* To do: Could you repeat the records below exactly, leaving out any pictures?

[Image-text web data]
· · · · · · ·

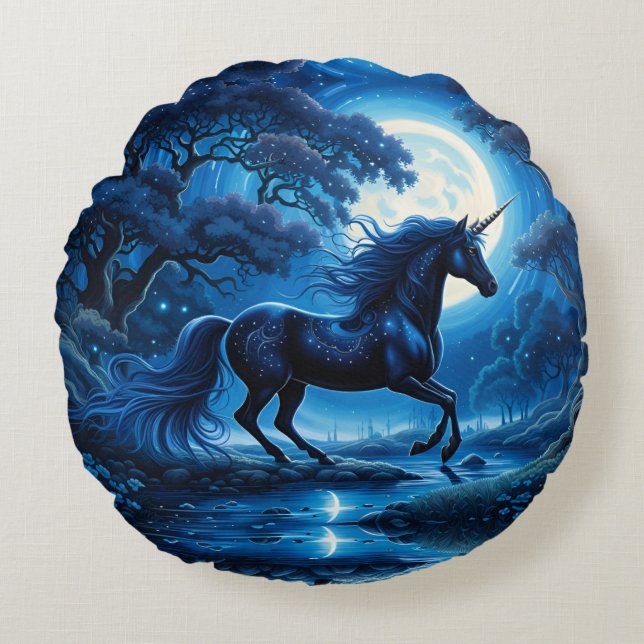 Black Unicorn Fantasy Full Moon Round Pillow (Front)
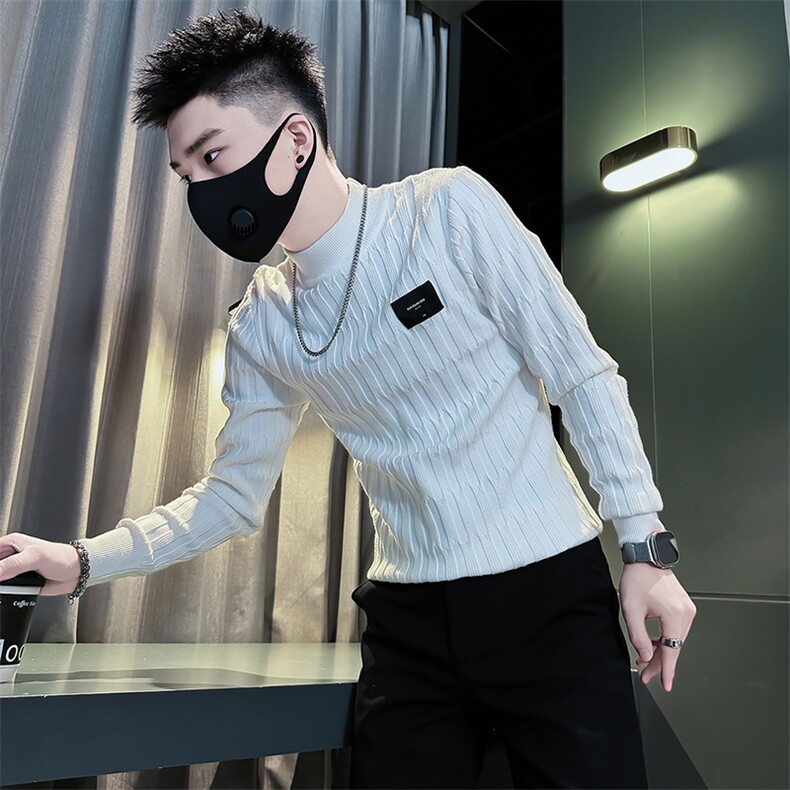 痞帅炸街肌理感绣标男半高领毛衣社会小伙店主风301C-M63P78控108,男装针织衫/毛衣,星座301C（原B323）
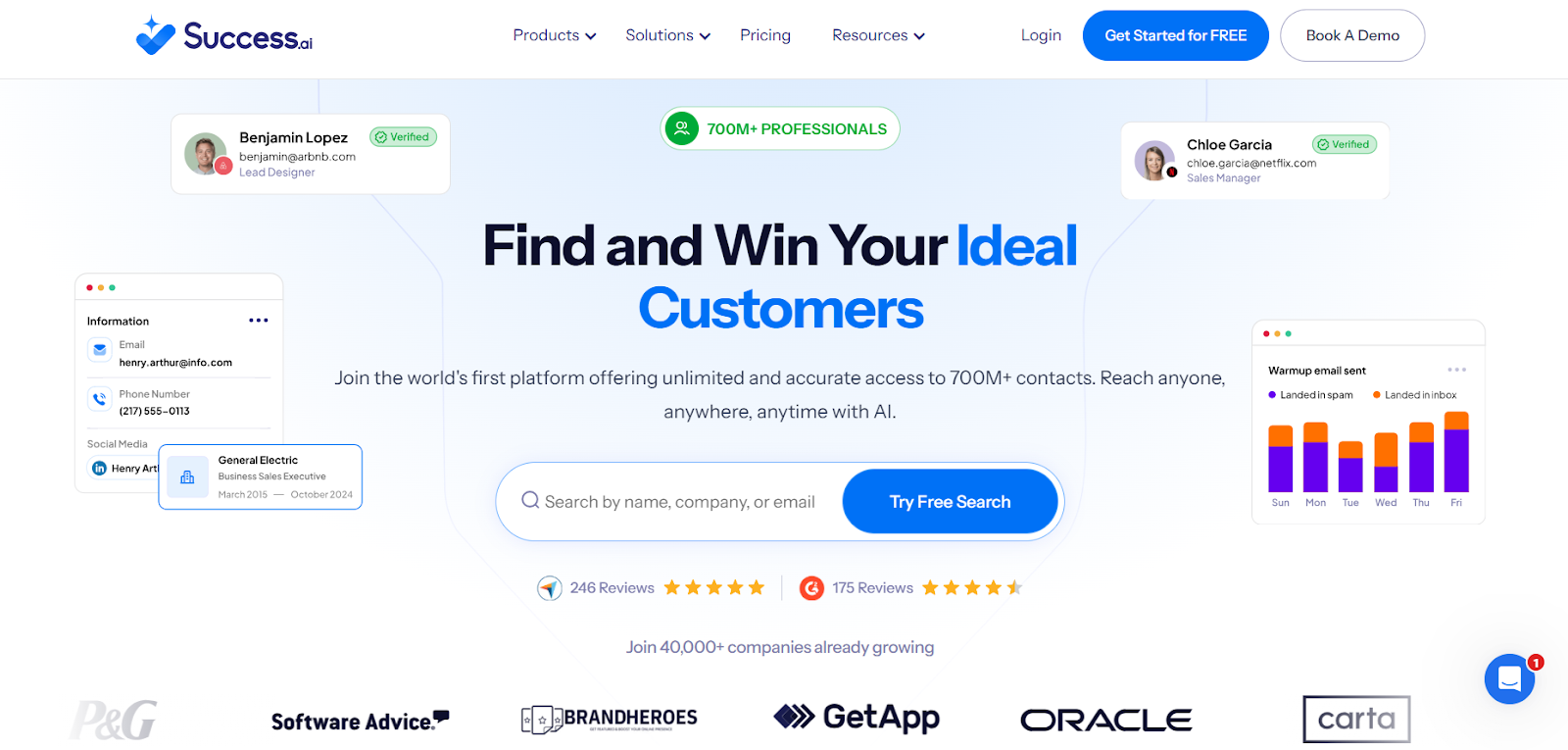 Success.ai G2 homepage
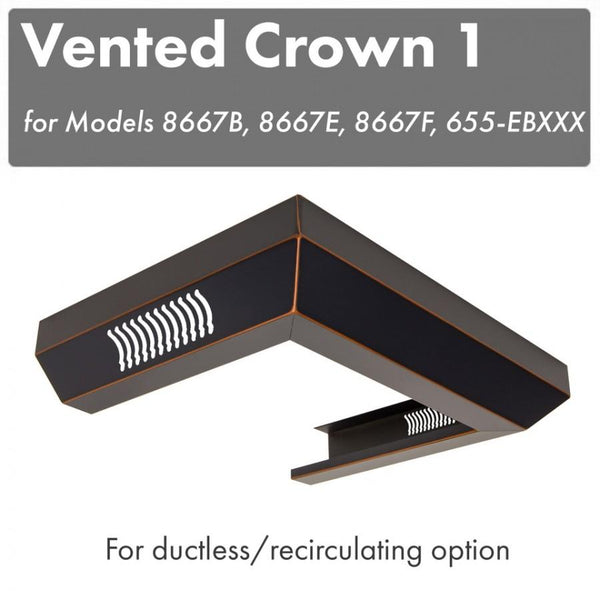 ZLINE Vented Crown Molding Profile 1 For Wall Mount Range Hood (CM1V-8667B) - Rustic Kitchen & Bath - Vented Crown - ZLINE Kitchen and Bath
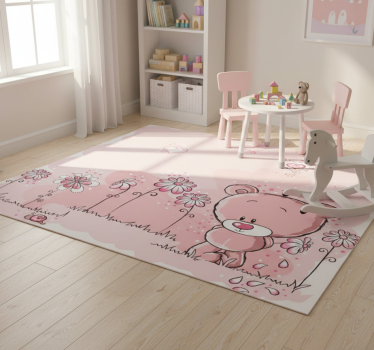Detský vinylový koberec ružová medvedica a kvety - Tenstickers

· · · · · · ·

* Task response:
 Black Unicorn Fantasy Full Moon Round Pillow (Front)
 痞帅炸街肌理感绣标男半高领毛衣社会小伙店主风301C-M63P78控108,男装针织衫/毛衣,星座301C（原B323）
 Success.ai G2 homepage
 ZLINE Vented Crown Molding Profile 1 For Wall Mount Range Hood (CM1V-8667B) - Rustic Kitchen & Bath - Vented Crown - ZLINE Kitchen and Bath
Detský vinylový koberec ružová medvedica a kvety - Tenstickers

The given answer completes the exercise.